▶ **Exercise instructions**: Reproduce word for word every line from the one containing "Yakk EXP Lower Crash Bar Black" through the end of the listing below; omit the pictures.

▶ **Extracted entries**:
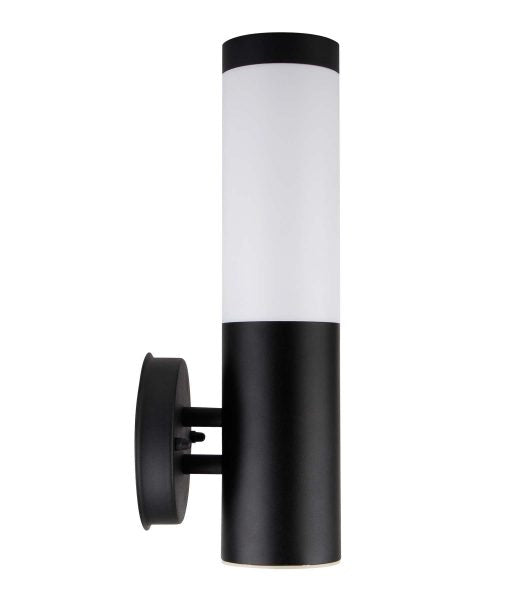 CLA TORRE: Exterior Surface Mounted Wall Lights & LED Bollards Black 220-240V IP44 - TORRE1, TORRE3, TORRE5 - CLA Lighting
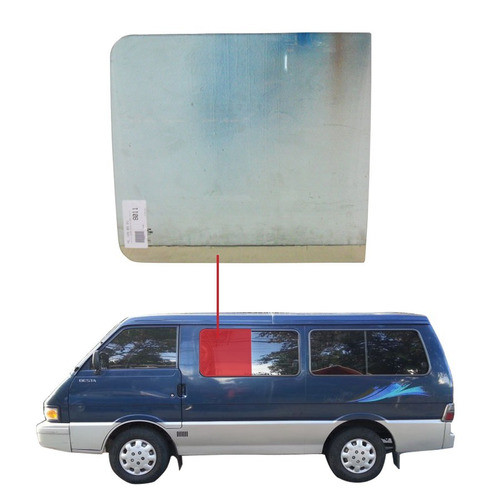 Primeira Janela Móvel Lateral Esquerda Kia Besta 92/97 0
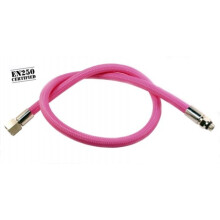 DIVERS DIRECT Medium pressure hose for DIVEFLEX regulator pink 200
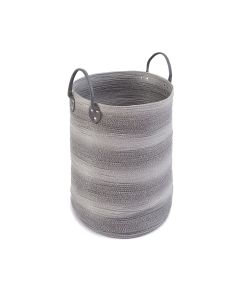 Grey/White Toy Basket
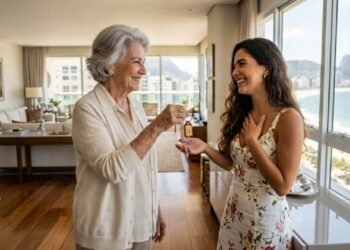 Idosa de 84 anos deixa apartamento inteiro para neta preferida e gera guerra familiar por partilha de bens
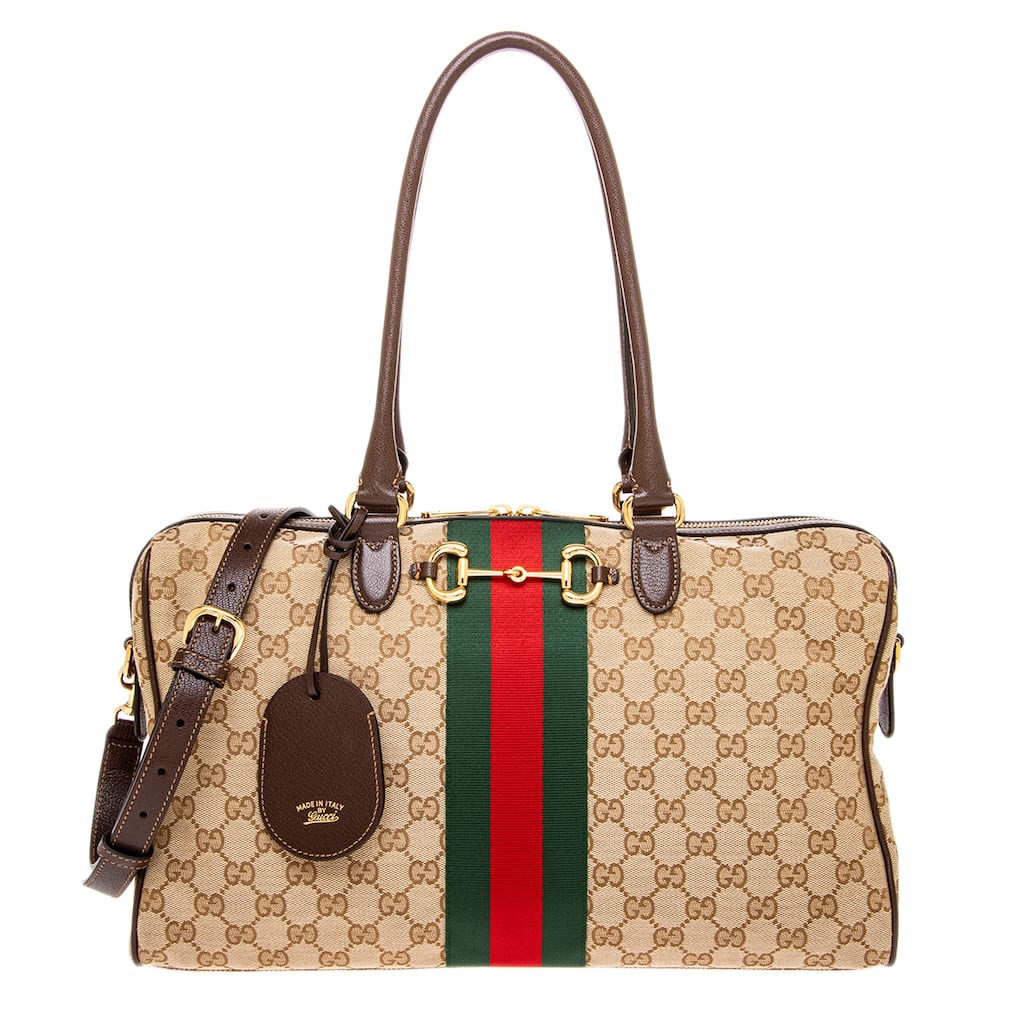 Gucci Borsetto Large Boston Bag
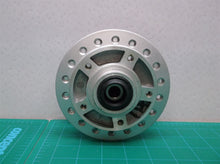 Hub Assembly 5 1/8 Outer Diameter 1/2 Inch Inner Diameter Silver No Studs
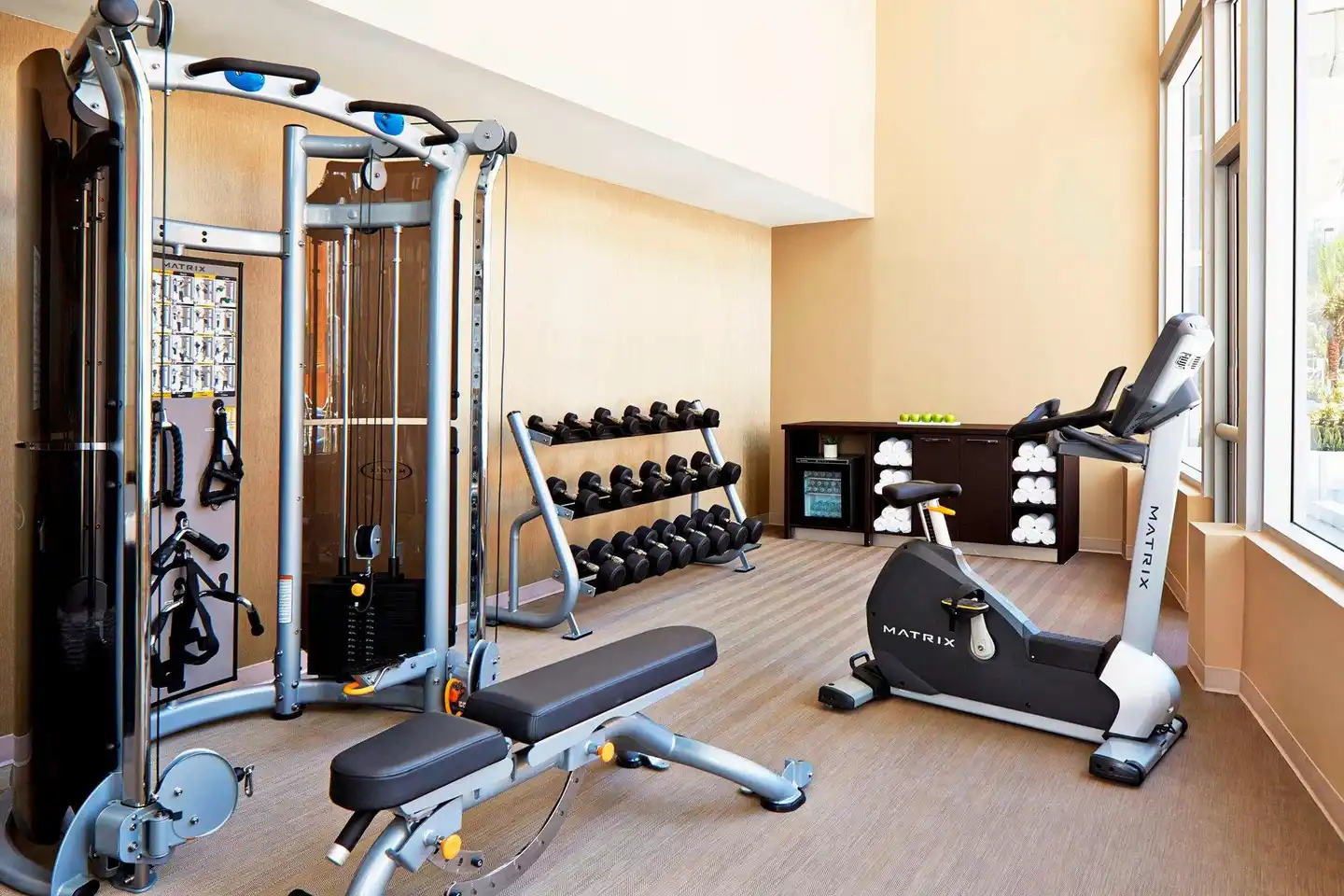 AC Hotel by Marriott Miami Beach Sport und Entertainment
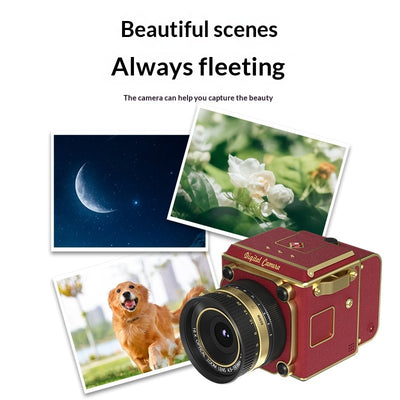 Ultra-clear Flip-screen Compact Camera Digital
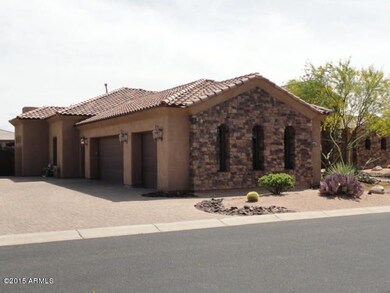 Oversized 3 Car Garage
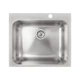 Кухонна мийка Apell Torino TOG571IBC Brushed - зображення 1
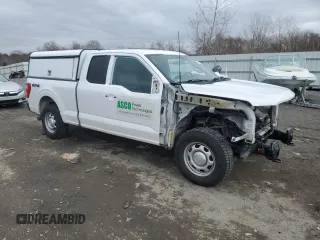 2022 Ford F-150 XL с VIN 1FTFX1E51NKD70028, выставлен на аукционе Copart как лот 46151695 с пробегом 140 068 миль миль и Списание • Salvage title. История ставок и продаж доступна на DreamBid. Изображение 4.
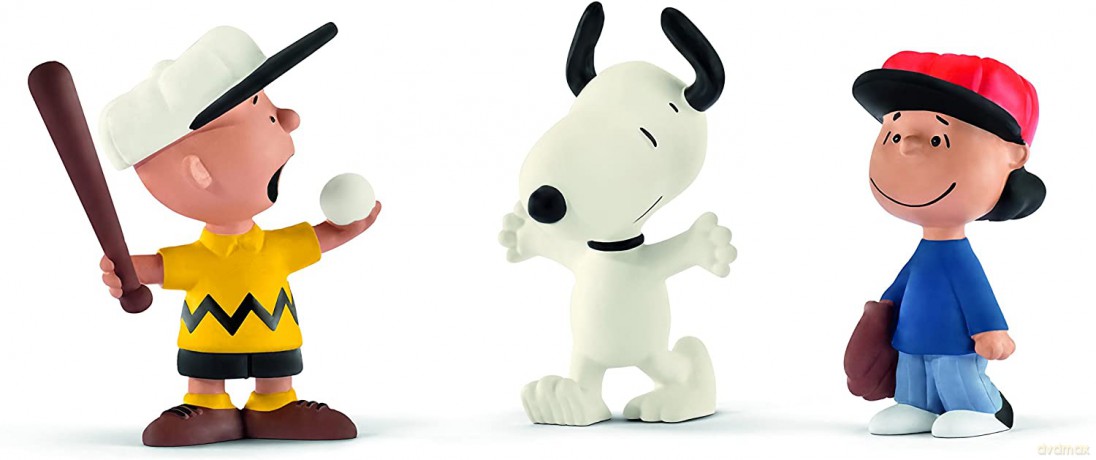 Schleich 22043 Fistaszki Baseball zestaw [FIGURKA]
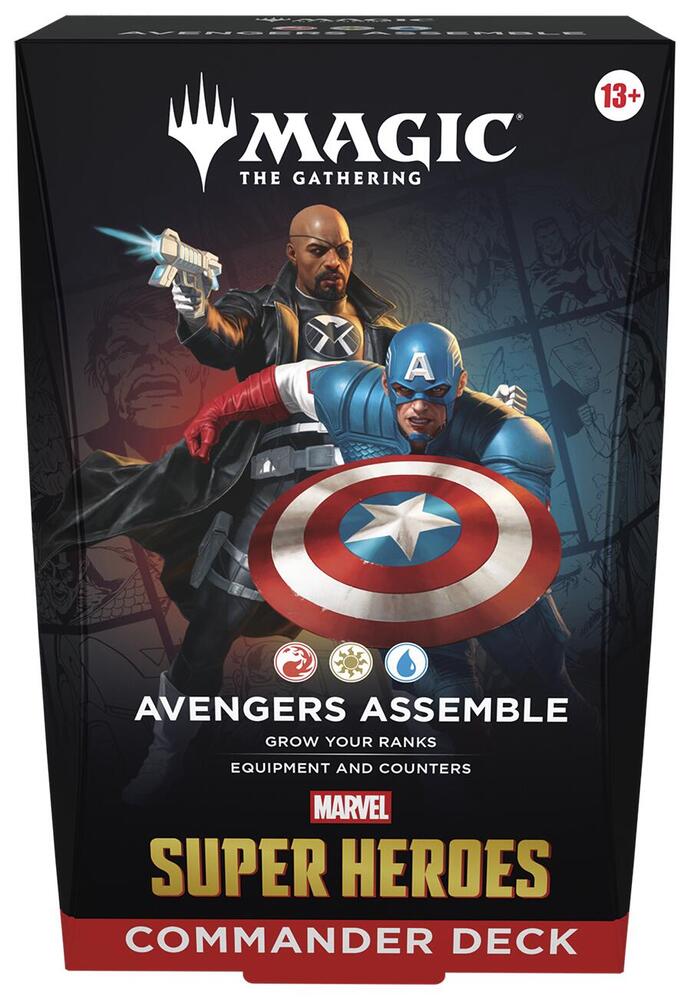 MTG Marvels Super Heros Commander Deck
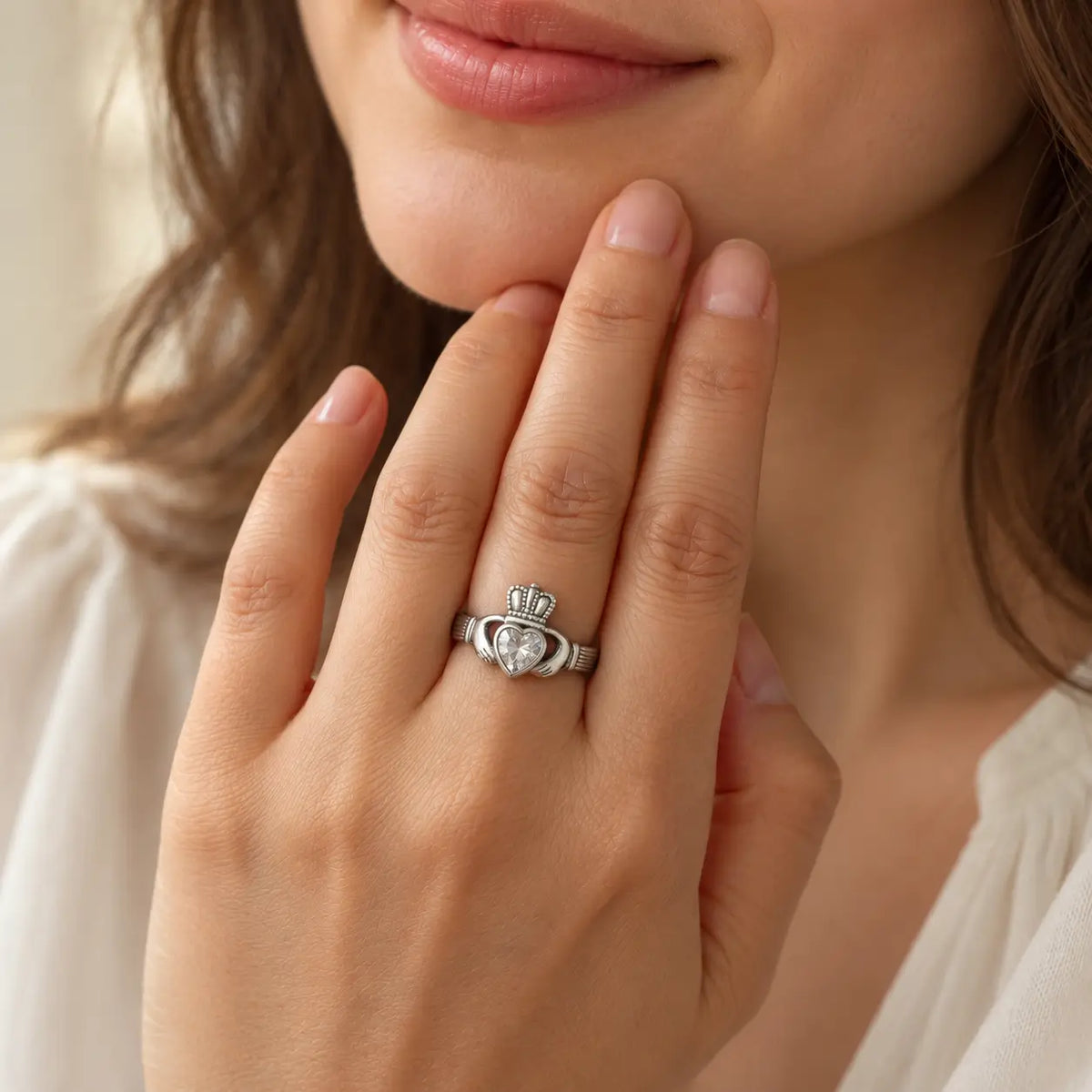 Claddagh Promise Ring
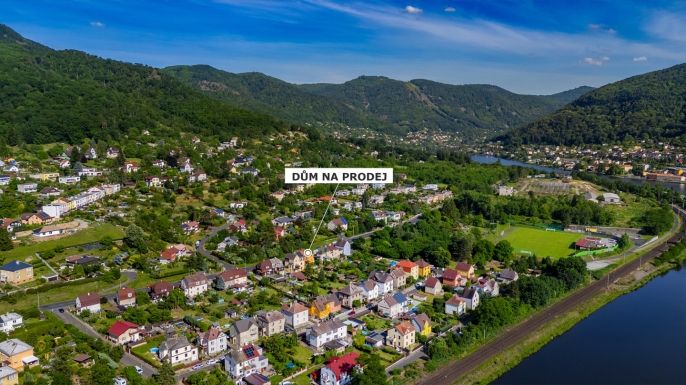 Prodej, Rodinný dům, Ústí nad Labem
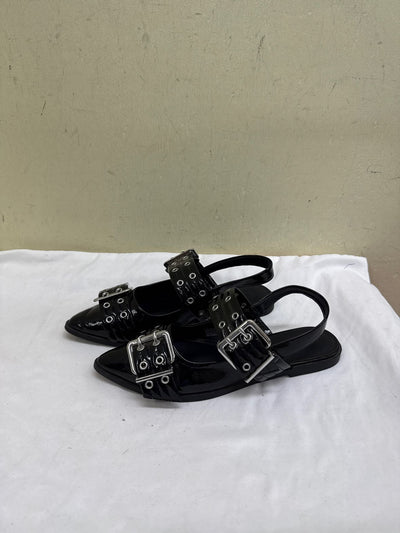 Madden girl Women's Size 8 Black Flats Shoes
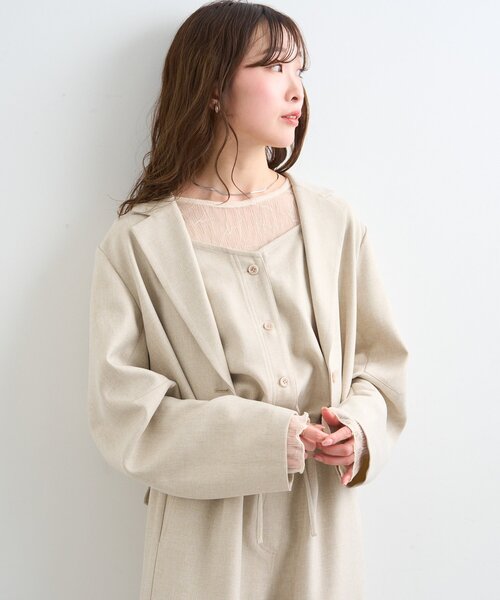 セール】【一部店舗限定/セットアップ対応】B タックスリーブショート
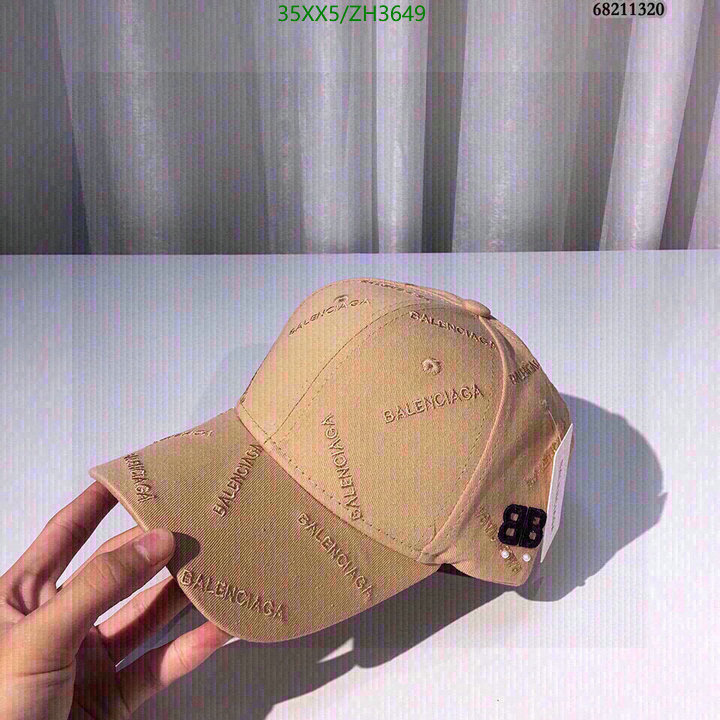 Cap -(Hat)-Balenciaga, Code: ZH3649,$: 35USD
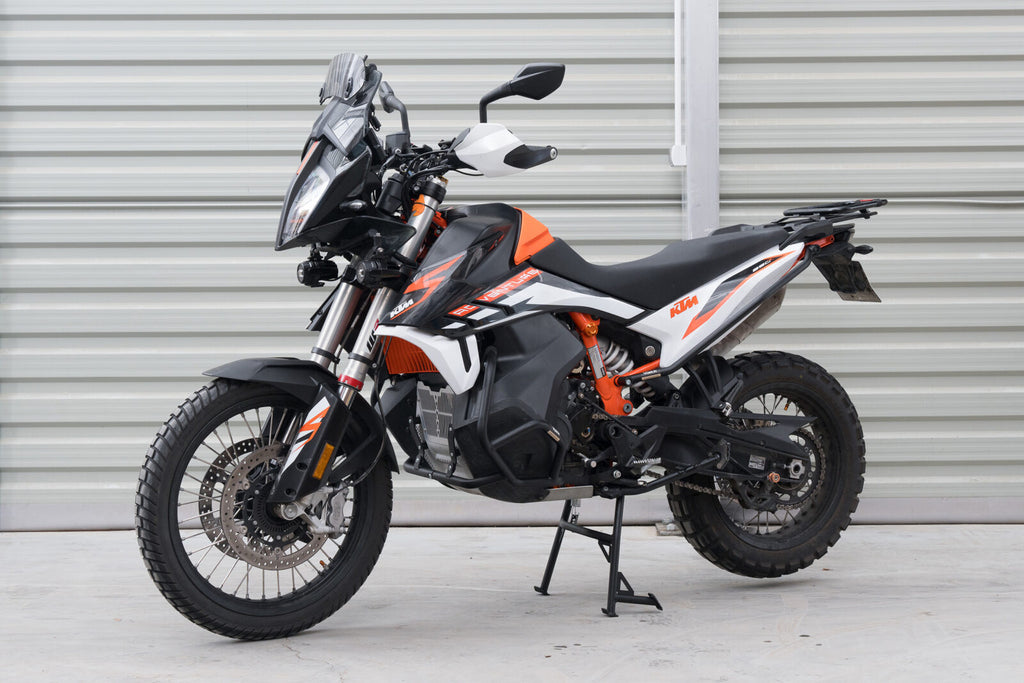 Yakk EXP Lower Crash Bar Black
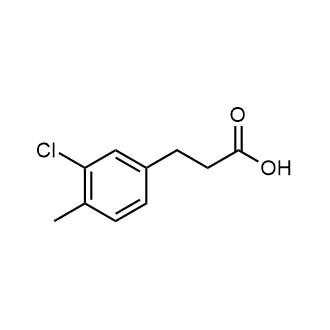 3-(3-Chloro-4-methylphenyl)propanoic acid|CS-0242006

▶ **Output of the exercise**:
 Yakk EXP Lower Crash Bar Black
 3-(3-Chloro-4-methylphenyl)propanoic acid|CS-0242006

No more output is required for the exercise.